* _RECORDS FOR THE EXERCISE_

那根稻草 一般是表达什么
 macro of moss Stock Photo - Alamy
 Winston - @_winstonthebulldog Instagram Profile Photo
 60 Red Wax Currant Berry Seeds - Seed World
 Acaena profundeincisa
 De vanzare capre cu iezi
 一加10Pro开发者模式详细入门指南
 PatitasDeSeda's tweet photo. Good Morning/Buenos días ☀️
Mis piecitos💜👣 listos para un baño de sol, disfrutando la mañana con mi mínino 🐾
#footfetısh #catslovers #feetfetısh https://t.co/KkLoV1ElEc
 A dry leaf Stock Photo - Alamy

* _TASK REQUIREMENTS_
Which lines above contain the word "Stock"? List them.

* _YOUR SOLUTION_
 macro of moss Stock Photo - Alamy
 A dry leaf Stock Photo - Alamy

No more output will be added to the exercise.